Elizabeth studied Rosie’s face, full of scorn and fury, and knew in a flash she was lying. “I don’t know. You seem to have this great rapport. And closeness.”
“Stop spying on me! You’re the one going crazy—call your shrink.” And it was the disgusted sneer more than the words that made Elizabeth erupt.
“How dare you! I’m not a liar, or cruel! You’re a spoiled little shit!” She got to her feet, hating herself and her child. How could they say such hateful things?
She locked herself in the bathroom and cried silently until she was raw. Desperate, she tried to pray, until she remembered she didn’t believe in god—but she had felt that shard of something deep inside that she could only call not me, so she cried out in silence to the speck of light,
Help me! I’m begging.
She felt the wet pounding of her heart in her stuffed-up head. She hit the bathroom rug so hard that her fist hurt, and she cradled it like an injured bird.
Eventually, James came knocking.
“Honey?” he asked. “What are you doing?”
After a while, she said, “I’m praying.”
There was a long silence. Then, astonished, “You are?”
“Go away. I hate everyone. Rosie made me promise not to tell you, so I didn’t, and then when I did, you blow up, and she hates me. Everyone is horrible to me, and I hate me.”
She heard his footsteps going away, down the hall. She wiped her nose on the top of her T-shirt, waiting. After a while, she heard him return.
“Do you even hate Rascal?” he asked.
“James? Why do you make me choose between you and my child? I can’t.”

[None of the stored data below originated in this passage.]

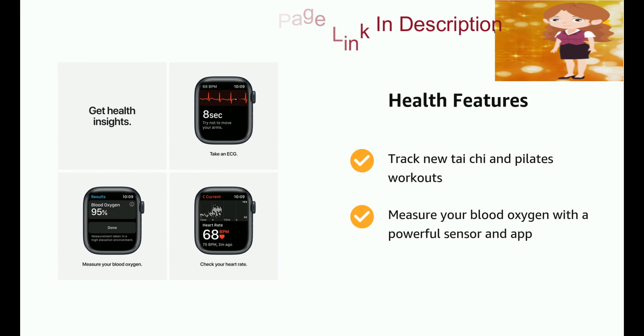Product comes with standard brand warranty. For further information visit the product detail page.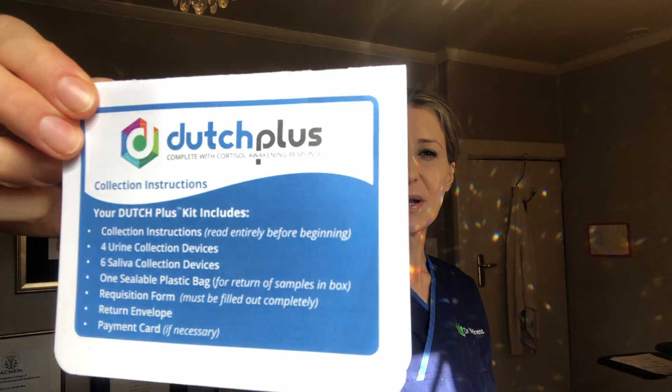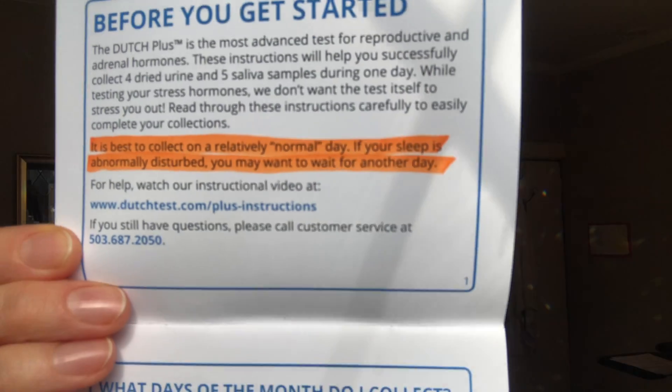The full instructions for how to do the test are in this booklet. Inside the front page you'll also find a website address, which has a longer video with more detailed instructions on how to perform the kit.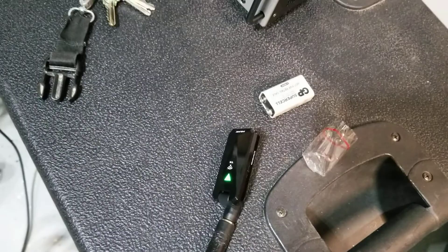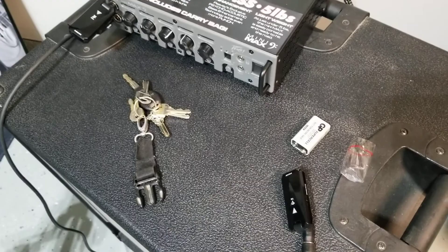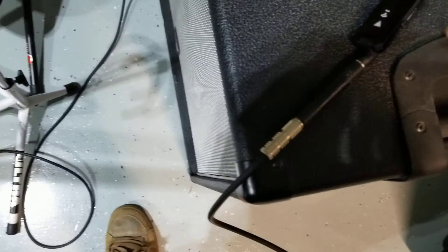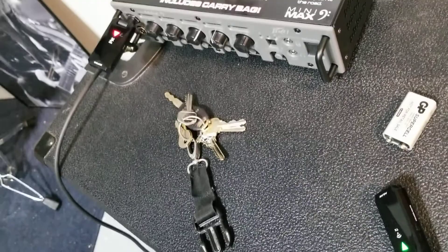It worked for a second but no, it goes back to flashing. I don't know if it's the active element of the bass just being too much for this transmitter maybe. It won't let me play — try to turn it back on — and again, it just does not work.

He poked something into the lock, and after a minute it popped open. The door opened a few inches, and Rascal dropped to the floor inside. “Leave me the fuck alone!” she shouted. Rascal lumbered to Elizabeth’s side, tasted her blurry wet face, and butted his huge orange head against her until she took him into her lap.
S
he finally came out, and went to James’s office and sat on the carpet by his desk. He got out of his chair and sat facing her. Then they both sat on the rug, like children at a tea party on the floor of a pool. She felt disgusting, red and unstable.
“That was so hitting below the belt,” she said. “To bring Rascal into it.”

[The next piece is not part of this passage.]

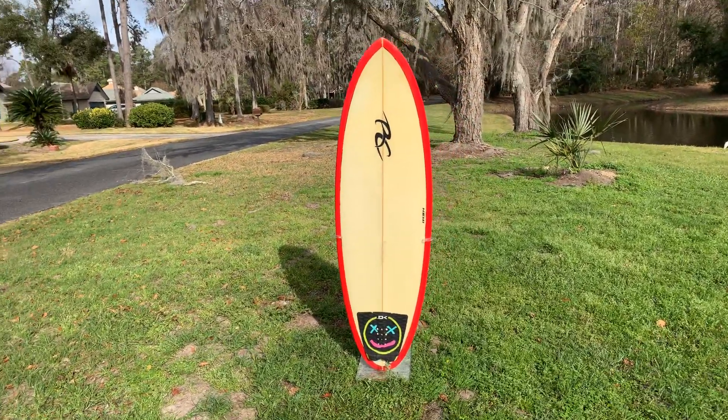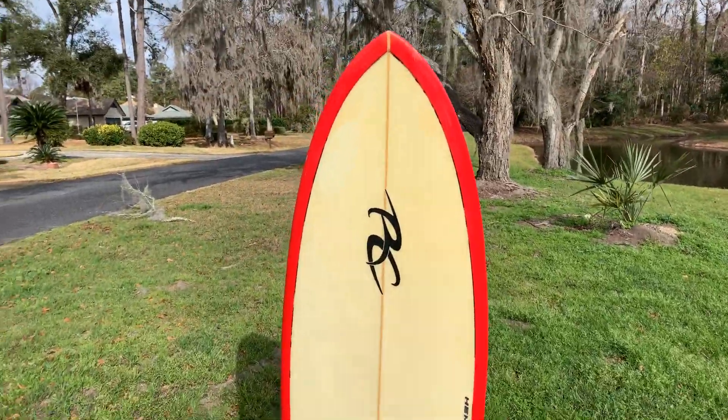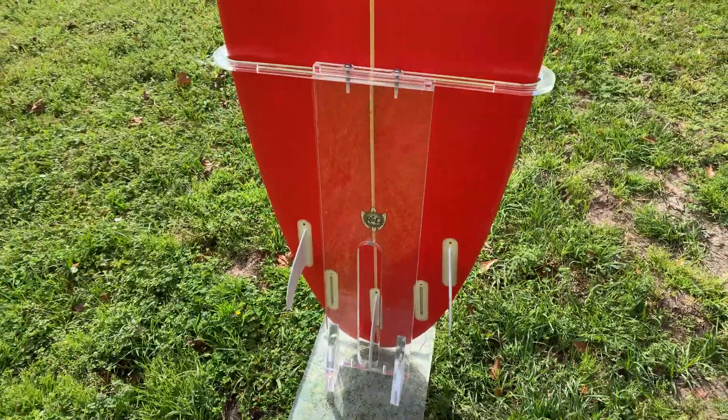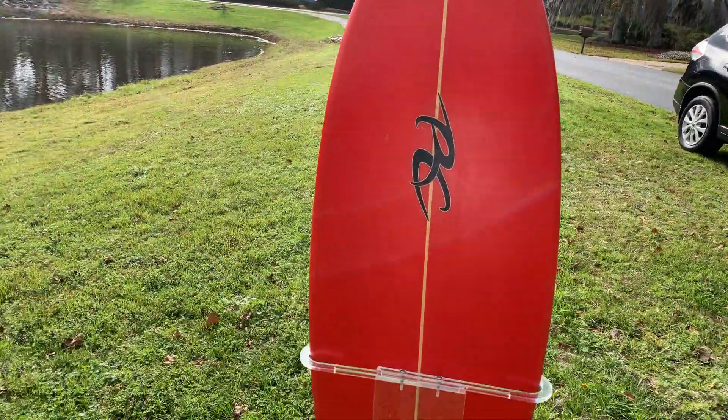Hey guys, it's Dan from Shred Season. Here we've got a Ricky Carroll High-Performance Shortboard. The board is in great condition — it's got a few tiny repairs here and there, nothing major.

“To begin with, you need to tell me all of your unsaids, Elizabeth. They’re killing us. You’ve been using your sincereness in counterfeit ways.”
“I’m so sorry,” she said, sick to her stomach. She did not point out that the word was “sincerity.” Her mouth tasted like matches. She looked away, at the darkening night through his window, the branches of the kumquat tree. She wondered whether there was such a word as “sincereness.” They sat unspeaking until her tears and misery wore him down.

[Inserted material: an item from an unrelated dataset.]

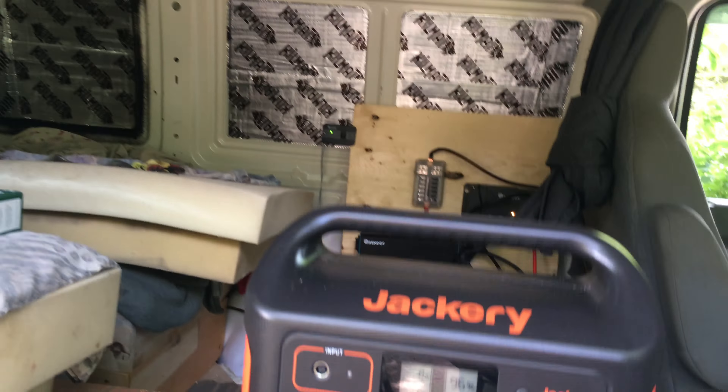We got the Jackery 500. I'm trying to show the numbers — so the fridge right now is only pulling 5 watts, which I will explain in a moment. What we've been doing with the cooler is running it off our Jackery, and it's been working great. When the cooler is already up to temperature, it'll just maintain to keep the temperature there, and right now it's pulling 6 watts doing that.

“Tears give you such an unfair advantage.” He shook his head. “I’ve always hated to see women come undone.” He hit the carpet with his fist, hard, and it startled her. “Okay,” he said after a moment, coming to a decision. “We start over.” He scooched closer to her, and they held each other on the bottom of the pool.
T
hey clung to each other in bed that night, and he rubbed her neck in sympathy. “She’s an awful child,” he whispered. “We must be saints, the both of us.” She smiled in the dark, against his skin. “Let’s get rid of her,” he whispered. “Let’s kill her.”
“We could drop her off in a basket at the convent,” Elizabeth whispered back.
He was spooning her when she woke, still patting her with sympathy, and the pats turned to love.